Quantitative real-time polymerase chain reaction (PCR) and Western blotting were performed to determine the levels of related factors. Methylation-specific PCR was applied for analysis of methylation status of the miR-320a promoter CpG islands in GC cell lines and tissues. CCK8, flow cytometry, Transwell invasion and wound healing assays were performed to determine the effect of miR-320a on cell behavior. Dual luciferase assay was performed to identify whether pre-B-cell leukemia homeobox (PBX) 3 was the target gene of miR-320a. TargetScanHuman7.1, miRDB, microrna.org and MethPrimer were used for bioinformatics analysis. Student’s t test (two-tailed) and analysis of variance (ANOVA) were used for statistical analysis.
miR-320a was downregulated in GC, and its expression deficiency was partly due to hypermethylation of the promoter CpG islands. miR-320a overexpression inhibited cell viability, migration and invasion, and induced apoptosis through targeting PBX3 in GC cells. miR-320a functioned as a tumor suppressor in vitro. However, its biological effect in a preclinical model should be further determined.
miR-320a was downregulated in GC tissues and cells, and its abnormal expression was related to GC cell behavior. We confirmed that miR-320a overexpression inhibited cell viability, migration and invasion, and induced apoptosis in GC cells. miR-320a deficiency showed the opposite results.

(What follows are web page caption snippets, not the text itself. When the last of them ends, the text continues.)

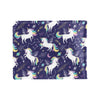 Unicorn Print Design LKS305 Men's ID Card Wallet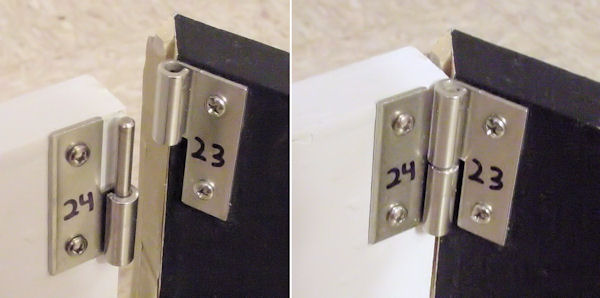 Numbered brackets make assembly fast and consistent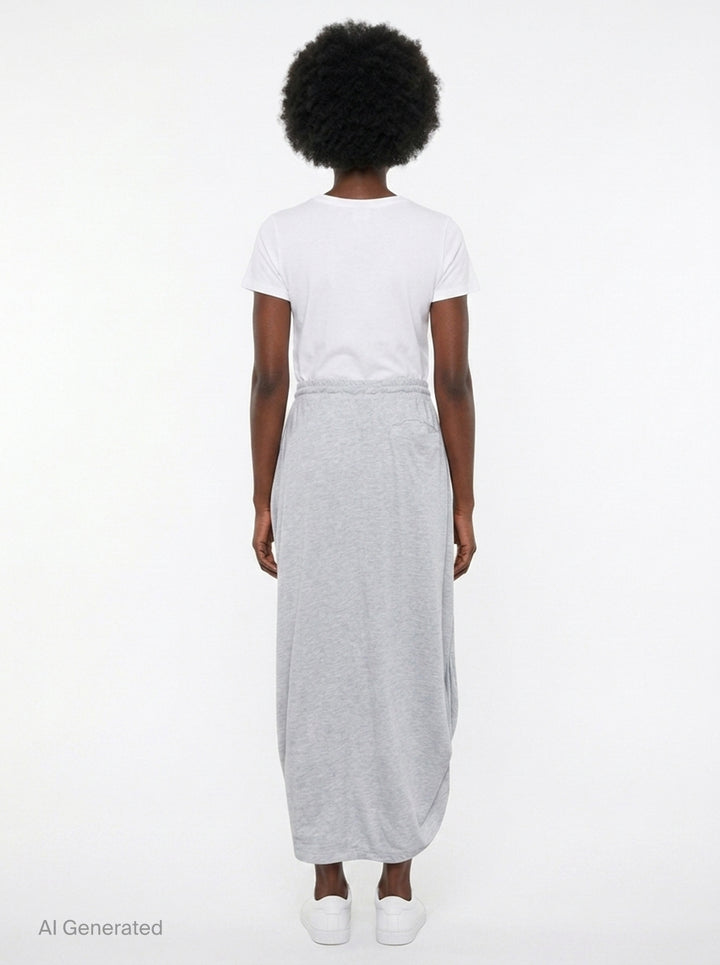 Draped Cotton Maxi Skirt | Open YY | Club21 - back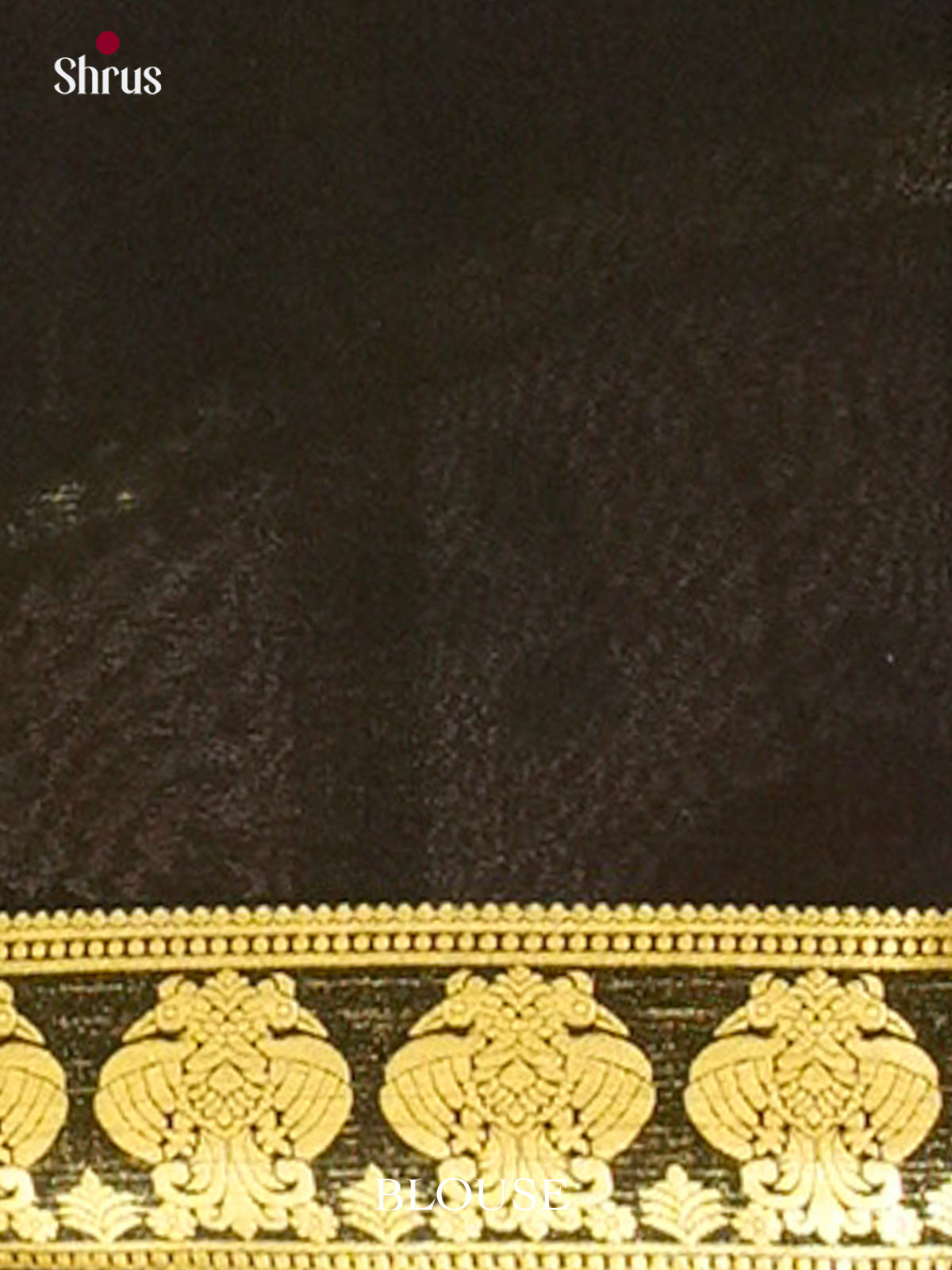 Red Mysore Silk Saree | Black Contrast Border — Contrast Border with Motifs - Shop on Shrus.com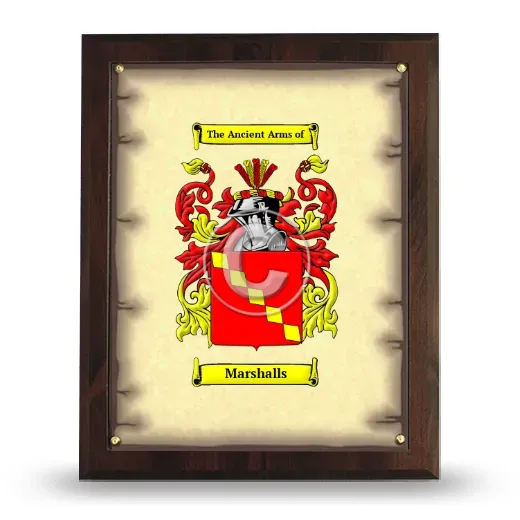 Marshalls Coat of Arms Plaque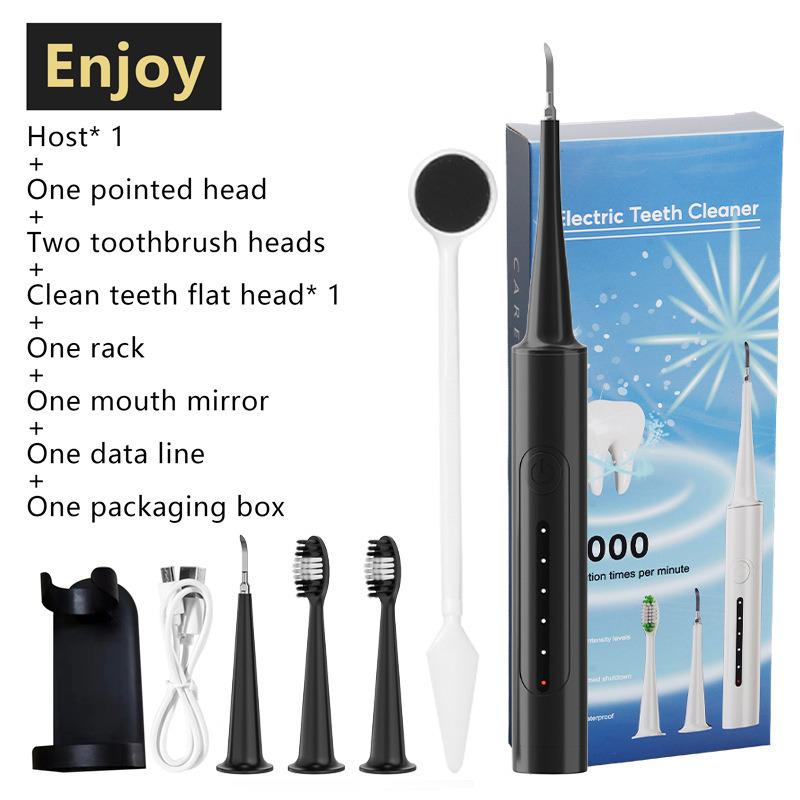 Набор портативных электрических зубных щеток: 6-в-1 очиститель зубов и косметический инструмент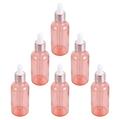 6 PCS Perfume Drop Applicator Bottle Empty Dropper Essential Oil Round Refillable Lotion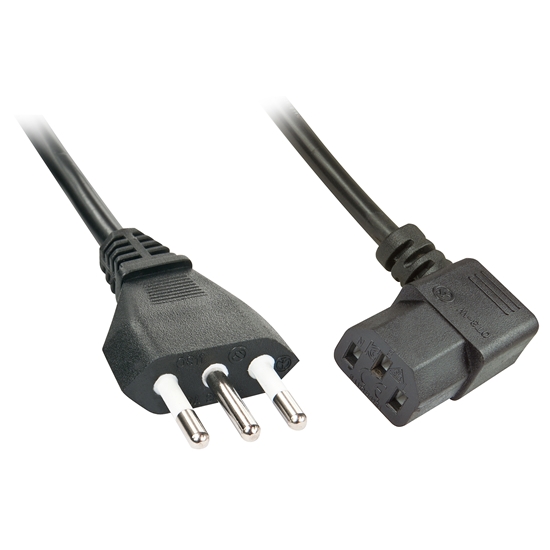 Picture of Lindy 30346 power cable Black 2 m C13 coupler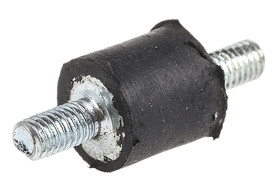 Podstawka antywibracyjna M3 średnica 8mm wysokość całkowita 20mm Cylinder męski-męski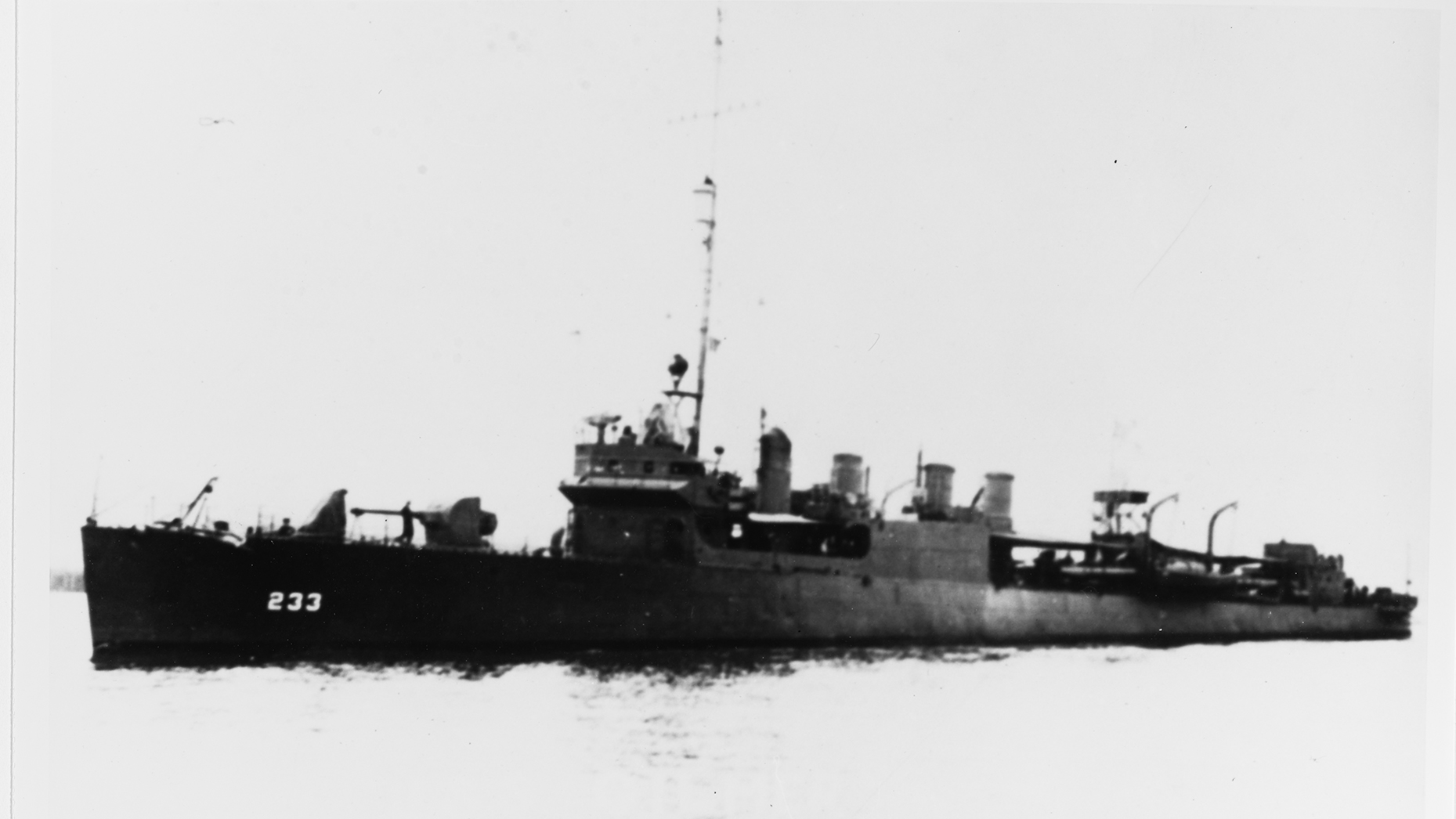 The U.S. Navy ship Gilmer.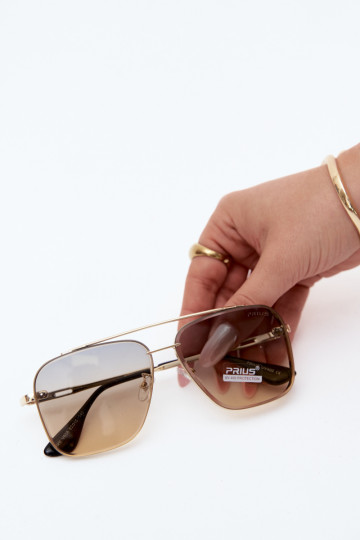 Sonnenbrille mit UV 400-Filter gelb
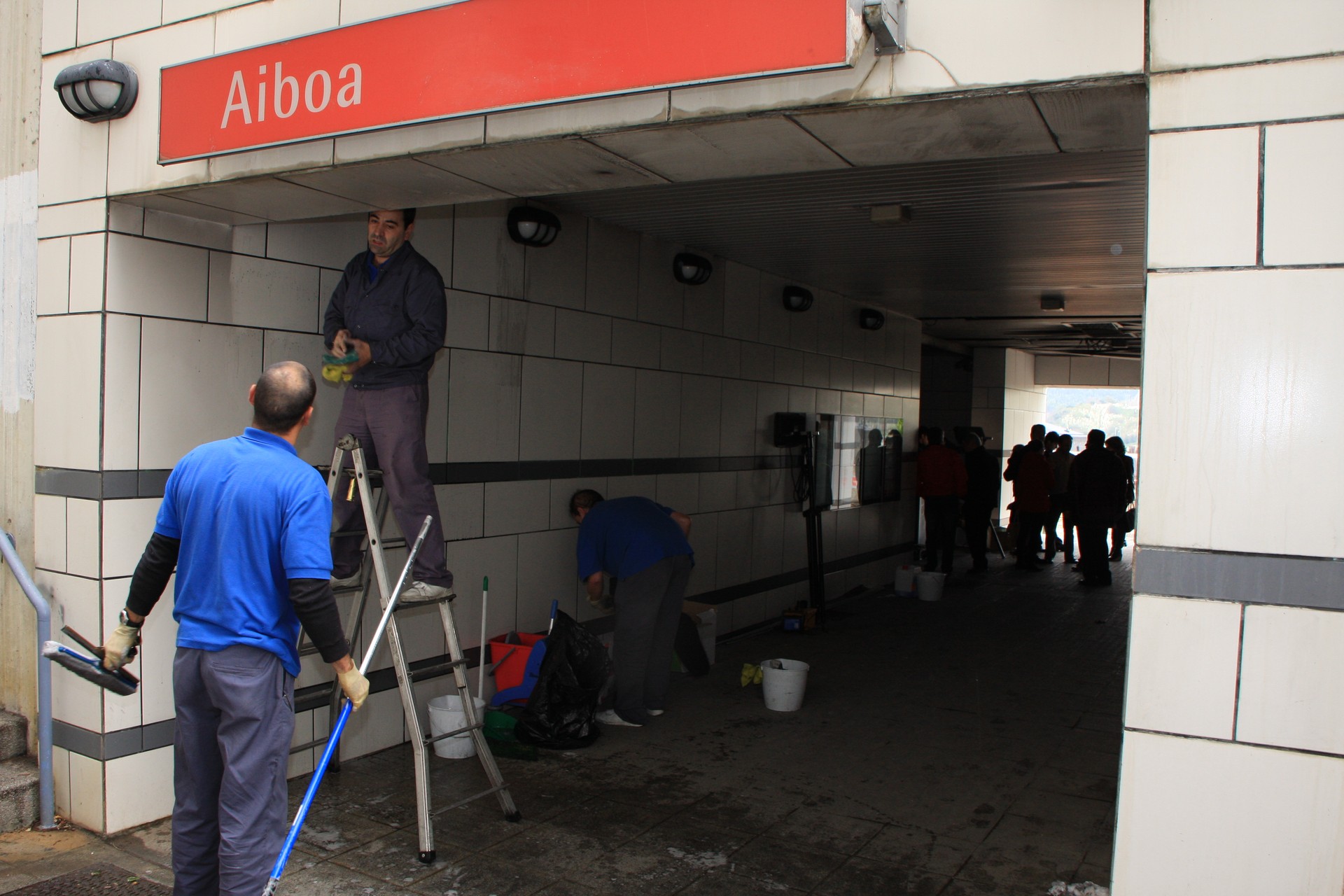 Aiboa metro-geltokiko sarbidearen segurtasuna hobetuko du Getxoko Udalak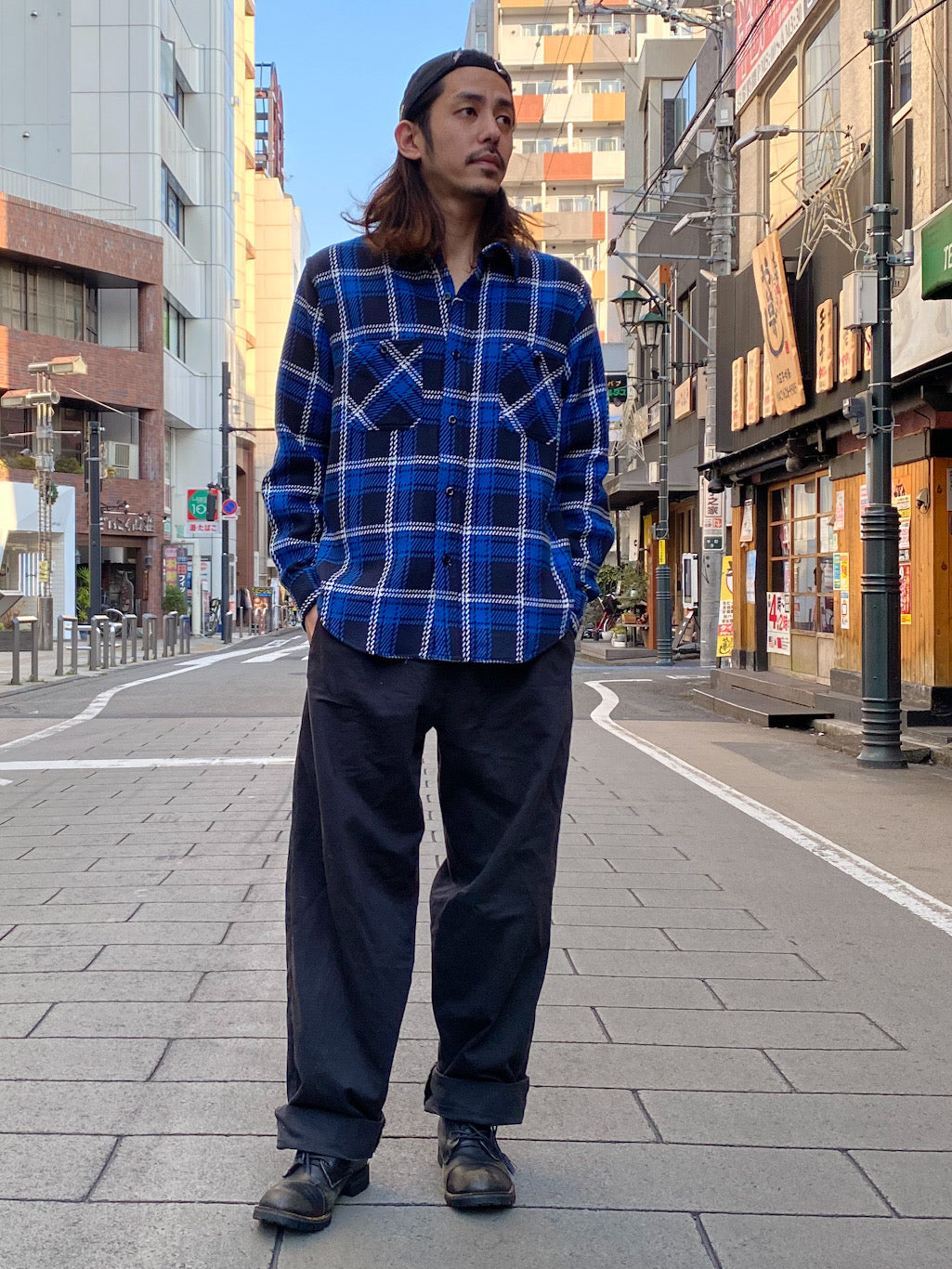 ヘビーツイルチェックワークシャツ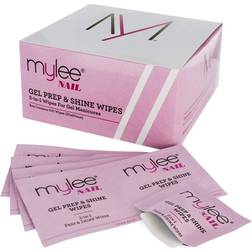 Mylee 200pcs Gel Polish Prep Shine Wipes, UV Gel Nails Soak Varnish Sticky Residue Remover, Cleanses Nail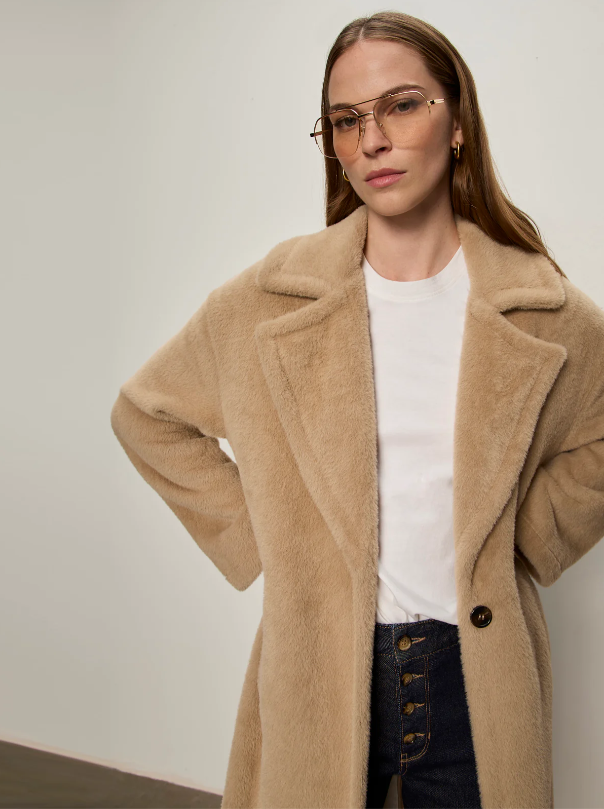 Live In Fur Coat, Warm Caramel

Consistent with previous research, miR-320a functioned as a tumor suppressor. miR-320a could be a biomarker for GC diagnosis and treatment. We found that miR-320a downregulation in GC was due to the elevated methylation level of the miR-320a promoter CpG islands. The elevation was partly reversed by 5-Aza-2’-deoxycytidine and trichostatin A. In addition, PBX3 was firstly identified as the target gene of miR-320a in GC.
For future research, we will focus on the related signaling pathways through which miR-320a regulates GC cell biological behaviors. Screening for related signaling pathways of GC will be performed using the Cancer Genome Atlas database, followed by related factor detection using Western blotting and quantitative real-time PCR. Activator and inhibitor for target signaling will be applied to GC cells, and cell viability, cell cycle, cell migration, invasion and apoptosis will be determined.